Stored records:
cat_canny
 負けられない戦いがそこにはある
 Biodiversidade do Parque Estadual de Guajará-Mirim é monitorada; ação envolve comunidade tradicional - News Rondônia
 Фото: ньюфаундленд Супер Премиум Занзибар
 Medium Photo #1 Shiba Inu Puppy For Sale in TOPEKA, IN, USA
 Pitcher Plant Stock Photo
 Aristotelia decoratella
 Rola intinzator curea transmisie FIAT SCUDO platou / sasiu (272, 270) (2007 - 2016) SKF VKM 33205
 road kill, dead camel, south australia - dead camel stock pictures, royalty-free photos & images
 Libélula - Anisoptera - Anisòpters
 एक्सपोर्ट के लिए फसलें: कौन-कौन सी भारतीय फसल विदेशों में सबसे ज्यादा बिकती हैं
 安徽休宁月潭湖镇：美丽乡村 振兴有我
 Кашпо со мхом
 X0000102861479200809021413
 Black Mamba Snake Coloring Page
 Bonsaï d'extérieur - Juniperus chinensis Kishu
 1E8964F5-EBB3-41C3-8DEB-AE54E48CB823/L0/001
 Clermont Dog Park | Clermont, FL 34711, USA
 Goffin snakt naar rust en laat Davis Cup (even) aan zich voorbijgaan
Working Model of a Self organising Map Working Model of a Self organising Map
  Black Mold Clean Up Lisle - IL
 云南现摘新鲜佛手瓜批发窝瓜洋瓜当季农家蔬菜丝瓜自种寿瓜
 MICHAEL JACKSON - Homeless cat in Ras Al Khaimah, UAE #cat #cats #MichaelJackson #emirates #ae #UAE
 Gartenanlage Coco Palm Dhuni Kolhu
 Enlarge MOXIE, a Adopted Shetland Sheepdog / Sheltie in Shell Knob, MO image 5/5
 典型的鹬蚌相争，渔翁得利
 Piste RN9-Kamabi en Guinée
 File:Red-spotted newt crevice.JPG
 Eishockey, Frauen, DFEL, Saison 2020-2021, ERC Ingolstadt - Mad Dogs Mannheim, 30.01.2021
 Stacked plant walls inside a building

Description of the task: An exact reproduction of all the records is needed.

Answer area:
cat_canny
 負けられない戦いがそこにはある
 Biodiversidade do Parque Estadual de Guajará-Mirim é monitorada; ação envolve comunidade tradicional - News Rondônia
 Фото: ньюфаундленд Супер Премиум Занзибар
 Medium Photo #1 Shiba Inu Puppy For Sale in TOPEKA, IN, USA
 Pitcher Plant Stock Photo
 Aristotelia decoratella
 Rola intinzator curea transmisie FIAT SCUDO platou / sasiu (272, 270) (2007 - 2016) SKF VKM 33205
 road kill, dead camel, south australia - dead camel stock pictures, royalty-free photos & images
 Libélula - Anisoptera - Anisòpters
 एक्सपोर्ट के लिए फसलें: कौन-कौन सी भारतीय फसल विदेशों में सबसे ज्यादा बिकती हैं
 安徽休宁月潭湖镇：美丽乡村 振兴有我
 Кашпо со мхом
 X0000102861479200809021413
 Black Mamba Snake Coloring Page
 Bonsaï d'extérieur - Juniperus chinensis Kishu
 1E8964F5-EBB3-41C3-8DEB-AE54E48CB823/L0/001
 Clermont Dog Park | Clermont, FL 34711, USA
 Goffin snakt naar rust en laat Davis Cup (even) aan zich voorbijgaan
Working Model of a Self organising Map Working Model of a Self organising Map
  Black Mold Clean Up Lisle - IL
 云南现摘新鲜佛手瓜批发窝瓜洋瓜当季农家蔬菜丝瓜自种寿瓜
 MICHAEL JACKSON - Homeless cat in Ras Al Khaimah, UAE #cat #cats #MichaelJackson #emirates #ae #UAE
 Gartenanlage Coco Palm Dhuni Kolhu
 Enlarge MOXIE, a Adopted Shetland Sheepdog / Sheltie in Shell Knob, MO image 5/5
 典型的鹬蚌相争，渔翁得利
 Piste RN9-Kamabi en Guinée
 File:Red-spotted newt crevice.JPG
 Eishockey, Frauen, DFEL, Saison 2020-2021, ERC Ingolstadt - Mad Dogs Mannheim, 30.01.2021
 Stacked plant walls inside a building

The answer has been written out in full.